Last Saturday night, the president of Israel, Shimon Peres, asked the prime minister, Benjamin Netanyahu to form a government. However, the situation resulting from the elections to the 19th Knesset last month is a complex one. The combined ruling party, Likud-Yisrael Beitenu, remains the largest single party, but according to media reports, two of its possible coalition partners, Yesh Atid and Bayit Yehudi, are planning to coordinate their stand during the coalition negotiations. Together, they have the same number of seats as Likud-Yisrael Beitenu--31--and could make things difficult.

This latest episode of political "musical chairs" reminds us at the ISA of one of the most interesting stories in the history of Israel's coalition jigsaw: how Finance Minister Levi Eshkol set up a government for Ben-Gurion in 1961. The elections of August 1961 were called as a result of a political crisis arising from the "Lavon Affair" and the campaign of Prime Minister Ben-Gurion against Histadrut secretary general Pinchas Lavon. The crisis weakened the ruling party, Mapai, which lost 5 seats, and had only 42 members, or 46 with the satellite Arab parties.
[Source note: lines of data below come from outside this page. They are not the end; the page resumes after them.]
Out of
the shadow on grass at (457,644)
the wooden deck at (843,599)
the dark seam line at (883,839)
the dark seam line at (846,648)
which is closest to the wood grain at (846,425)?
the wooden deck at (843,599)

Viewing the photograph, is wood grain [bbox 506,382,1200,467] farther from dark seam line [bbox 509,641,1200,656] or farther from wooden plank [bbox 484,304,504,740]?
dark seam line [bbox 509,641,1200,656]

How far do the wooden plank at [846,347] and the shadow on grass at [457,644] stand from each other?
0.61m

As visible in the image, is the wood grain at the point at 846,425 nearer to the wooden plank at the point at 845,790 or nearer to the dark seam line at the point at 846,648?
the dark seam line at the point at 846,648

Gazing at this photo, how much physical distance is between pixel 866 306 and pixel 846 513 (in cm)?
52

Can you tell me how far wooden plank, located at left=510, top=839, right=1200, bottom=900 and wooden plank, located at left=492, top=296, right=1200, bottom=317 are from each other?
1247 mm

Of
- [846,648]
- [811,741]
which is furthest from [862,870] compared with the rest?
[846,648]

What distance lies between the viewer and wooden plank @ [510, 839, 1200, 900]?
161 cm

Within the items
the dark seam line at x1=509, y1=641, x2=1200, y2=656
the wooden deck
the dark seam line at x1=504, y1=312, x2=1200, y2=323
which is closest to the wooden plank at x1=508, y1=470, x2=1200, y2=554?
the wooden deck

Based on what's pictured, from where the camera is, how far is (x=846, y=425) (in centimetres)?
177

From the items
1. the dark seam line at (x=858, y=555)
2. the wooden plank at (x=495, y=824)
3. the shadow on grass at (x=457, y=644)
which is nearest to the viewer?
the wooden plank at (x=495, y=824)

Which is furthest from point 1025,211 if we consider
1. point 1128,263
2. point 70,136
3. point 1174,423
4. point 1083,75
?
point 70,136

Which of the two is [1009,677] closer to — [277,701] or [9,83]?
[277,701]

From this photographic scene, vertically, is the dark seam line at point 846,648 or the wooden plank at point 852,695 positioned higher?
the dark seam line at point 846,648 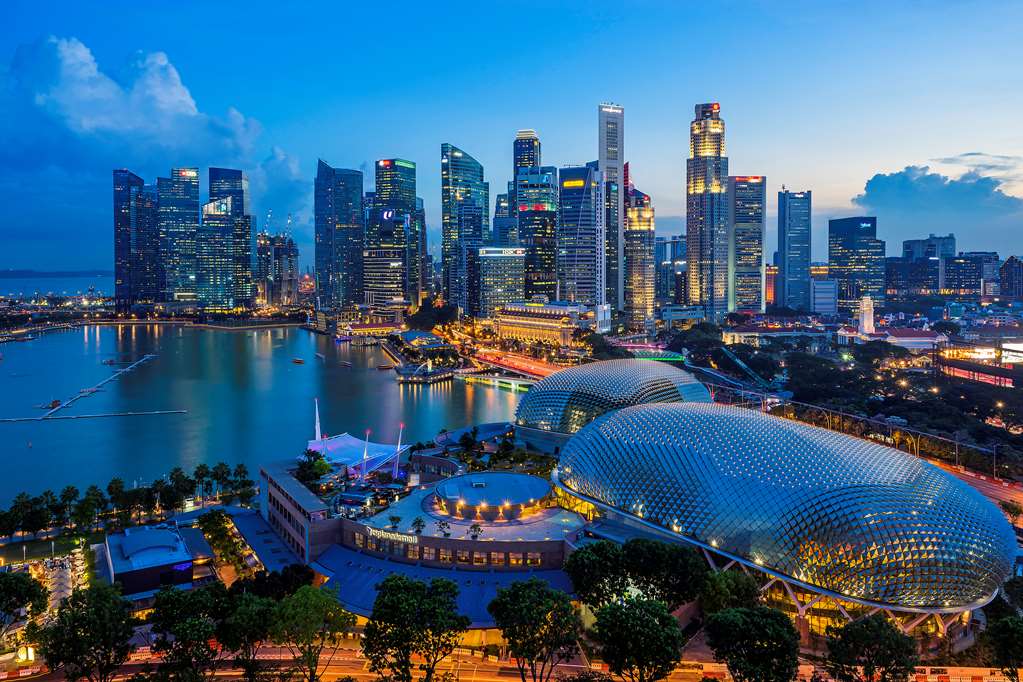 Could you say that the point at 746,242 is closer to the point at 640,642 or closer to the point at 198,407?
the point at 198,407

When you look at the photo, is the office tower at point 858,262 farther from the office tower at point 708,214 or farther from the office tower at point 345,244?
the office tower at point 345,244

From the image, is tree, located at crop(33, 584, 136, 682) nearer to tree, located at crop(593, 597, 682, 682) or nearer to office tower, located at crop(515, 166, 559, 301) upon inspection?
tree, located at crop(593, 597, 682, 682)

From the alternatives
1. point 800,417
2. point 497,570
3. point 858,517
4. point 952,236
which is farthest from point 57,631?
point 952,236

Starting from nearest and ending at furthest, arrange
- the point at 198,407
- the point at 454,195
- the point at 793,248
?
the point at 198,407 < the point at 793,248 < the point at 454,195

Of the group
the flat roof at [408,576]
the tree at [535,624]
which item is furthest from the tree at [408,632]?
the flat roof at [408,576]

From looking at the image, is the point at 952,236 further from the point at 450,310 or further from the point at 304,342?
the point at 304,342

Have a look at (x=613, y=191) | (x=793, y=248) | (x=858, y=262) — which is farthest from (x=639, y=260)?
(x=858, y=262) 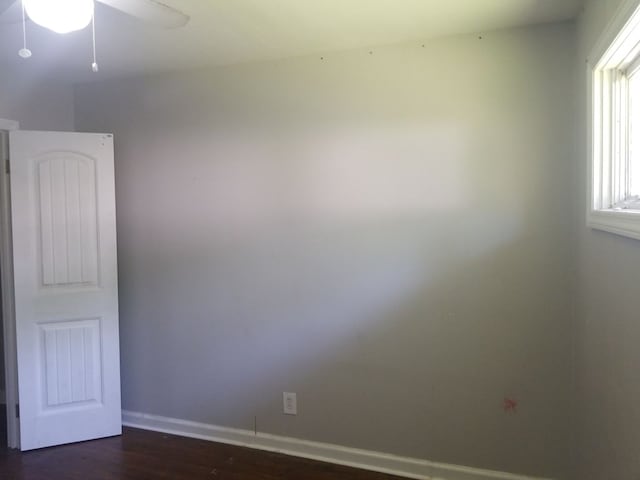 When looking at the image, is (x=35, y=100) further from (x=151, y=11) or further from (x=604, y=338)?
(x=604, y=338)

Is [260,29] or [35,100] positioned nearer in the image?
[260,29]

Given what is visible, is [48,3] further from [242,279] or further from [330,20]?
[242,279]

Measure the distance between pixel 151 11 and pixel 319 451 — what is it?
2.37 meters

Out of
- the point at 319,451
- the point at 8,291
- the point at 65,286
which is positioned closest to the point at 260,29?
the point at 65,286

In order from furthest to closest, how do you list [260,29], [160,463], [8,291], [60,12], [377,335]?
[8,291]
[160,463]
[377,335]
[260,29]
[60,12]

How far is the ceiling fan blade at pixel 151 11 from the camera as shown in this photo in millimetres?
1537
Four of its rivals – the Liberals, the National Religious party, and left-wing Mapam and Ahdut Ha'avoda formed a bloc, "The Club of Four," which also had 46 seats. They demanded that Mapai give them equal status and the same number of ministerial posts as a condition for joining the coalition. Since 1949, Mapai had always had a majority in the government.

On September 5, President Izhak Ben-Zvi started consultations with the parties which were to recommend a candidate to form the government. Mapai naturally recommended Ben-Gurion. The right-wing Herut party which had 17 seats, the same as the Liberals, asked Ben-Zvi not to allow Ben-Gurion to delay. If he did, they should be given a chance. In theory, the Club of Four could have asked Herut to join them and formed a coalition of 63. Herut's leader, Menachem Begin saw an opportunity to remove Mapai from power. In a letter from October 1961, he urged that any citizen who wanted to change the government should ask the four parties to join with Herut. But in view of the deep differences between them there was no chance for such a scenario.

On September 6, Ben-Zvi asked Ben-Gurion to form a government, but the following day he returned the mandate. "I regret to say that in the present circumstances I cannot take upon myself to form a government," he wrote. Levi Eshkol, a rising force in the party, took over, and laboriously, over six weeks managed first to obtain the support of two more MKs, from the religious Poalei Aguda party, and then to wear down and dismantle the Club of Four, assuring Mapai of a majority in a coalition with the NRP and Ahdut Ha'avoda. Ben-Gurion was dubious about these moves because he wanted the Liberals in the coalition, and wrote to him later "I am full of admiration for your good will, your honest intentions, your devotion and patience, even when you are mistaken..."
Eshkol explains to the president the formation of the government
Early in November, Eshkol finally reported to the president that he had formed a government headed by Ben-Gurion. "We brought the Club of Four on all fours…into the government," he added with a smile.
You can read more about Eshkol and the crisis of 1961 in the volume on Eshkol edited by Arnon Lammfromm and Hagai Tsoref in the Commemorative Series (in Hebrew) of the Archives, and in the volumes on Ben-Gurion, Ben-Zvi and Moshe Sharett.